Main page # Final Project (NeRF) ## Description The main goal of this project was to implement a NeRF model from scratch. First part of the project was to implement a simple NeRF model for 2D images. Second part was to implement a NeRF model for 3D images. ## Part 1: Fit a Neural Field to a 2D Image I used the suggested MLP architecture for the NeRF model. I also implemented the positional encoding exactly as suggested in instructions with L=10. One unique part of my solution is instead of sampling image pixels randomly, I created a full pytorch dataset with all the pixels in the image. This way I was able to use PyTorch's DataLoader (with shuffle=True) to create batches of data for training and would also be guaranteed to have iterated over all the pixels in the image. Instead of running the training loop for fixed number of iterations, I ran over the whole dataset for a fixed number of epochs. I calculated the number of epochs by dividing the number of wanted iterations by the number of batches in the dataset. Here are the results that I got for the fox image after training for 1000 iterations with L=10, LR=1e-3, 1000 iterations: Original image: PSNR graph: Samples across training (1, 1000 / 16, 1000 / 8, 1000 / 4, 1000 / 2, 1000 iterations): Video of the progress: I achieved clean results with a high PSNR score with the suggested hyperparameters. I also tested different 1e-2 and 1e4 learning rates but they didn't have any visible effect on the results and PSNR score.

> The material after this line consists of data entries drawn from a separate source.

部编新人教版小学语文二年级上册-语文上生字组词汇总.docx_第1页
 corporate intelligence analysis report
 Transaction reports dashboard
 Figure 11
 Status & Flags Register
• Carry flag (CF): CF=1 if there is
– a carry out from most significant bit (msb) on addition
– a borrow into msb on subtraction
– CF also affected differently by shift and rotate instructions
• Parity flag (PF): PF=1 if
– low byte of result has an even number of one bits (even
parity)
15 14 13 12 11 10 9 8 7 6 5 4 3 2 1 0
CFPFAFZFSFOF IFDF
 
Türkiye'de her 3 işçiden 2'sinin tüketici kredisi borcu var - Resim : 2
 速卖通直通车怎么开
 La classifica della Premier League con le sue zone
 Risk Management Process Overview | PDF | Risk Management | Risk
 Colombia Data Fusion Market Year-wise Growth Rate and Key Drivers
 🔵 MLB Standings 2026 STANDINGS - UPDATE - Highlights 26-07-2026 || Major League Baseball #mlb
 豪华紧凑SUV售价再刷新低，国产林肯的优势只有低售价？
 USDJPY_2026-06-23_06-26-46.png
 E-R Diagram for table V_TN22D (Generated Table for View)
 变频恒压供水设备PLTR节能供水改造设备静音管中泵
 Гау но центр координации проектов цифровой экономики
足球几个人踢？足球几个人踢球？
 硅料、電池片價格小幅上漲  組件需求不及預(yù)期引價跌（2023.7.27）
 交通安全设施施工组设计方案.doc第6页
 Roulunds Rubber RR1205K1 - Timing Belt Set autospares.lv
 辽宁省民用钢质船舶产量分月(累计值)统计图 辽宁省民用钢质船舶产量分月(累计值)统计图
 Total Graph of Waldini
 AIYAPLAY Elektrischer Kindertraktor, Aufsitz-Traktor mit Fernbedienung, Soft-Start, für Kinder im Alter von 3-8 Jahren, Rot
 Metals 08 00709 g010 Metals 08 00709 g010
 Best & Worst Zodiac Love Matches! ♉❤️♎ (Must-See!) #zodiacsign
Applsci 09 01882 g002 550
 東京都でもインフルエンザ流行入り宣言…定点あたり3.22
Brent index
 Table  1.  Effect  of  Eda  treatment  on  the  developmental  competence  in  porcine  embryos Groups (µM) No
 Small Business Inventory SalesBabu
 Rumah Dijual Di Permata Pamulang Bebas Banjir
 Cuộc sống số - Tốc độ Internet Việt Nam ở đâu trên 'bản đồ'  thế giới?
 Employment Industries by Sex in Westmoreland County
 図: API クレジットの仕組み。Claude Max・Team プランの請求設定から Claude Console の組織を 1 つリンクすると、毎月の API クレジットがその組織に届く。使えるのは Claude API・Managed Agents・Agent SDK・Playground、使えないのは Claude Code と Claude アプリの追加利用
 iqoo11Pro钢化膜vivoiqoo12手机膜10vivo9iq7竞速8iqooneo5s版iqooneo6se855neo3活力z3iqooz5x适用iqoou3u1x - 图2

I also trained the model on a custom image. I used LR = 1e-3, L=15 and 2000 iterations as the image is more detailed and has more features. PSNR graph: Samples across training (2000 / 16, 2000 / 8, 2000 / 4, 2000 / 2, 2000 iterations): The PSNR graph increased slower for the custom image, I think this is because the image is more detailed and it's harder to fit the model to it.
For hyperparameter tuning in addition to trying different learning rates from 1e-2 to 1e-4 (which didn't have meaningful effect on the results), I also tried different L values. Here are the results of custom image NeRF training for L=5, L=10, L=15. PSNR graphs:
Final generated images:
As you can see, L=5 has clearly worse final result and plateus at a lower PSNR score (although having faster growth in the beginning). This suggests that L=5 is too low and the model is not able to capture enough details. L=10 actually has better PSNR score although its results are similar to L=15. This shows that L=10 is enough to capture the details of the image, while L=15 makes training slower and doesn't improve the results.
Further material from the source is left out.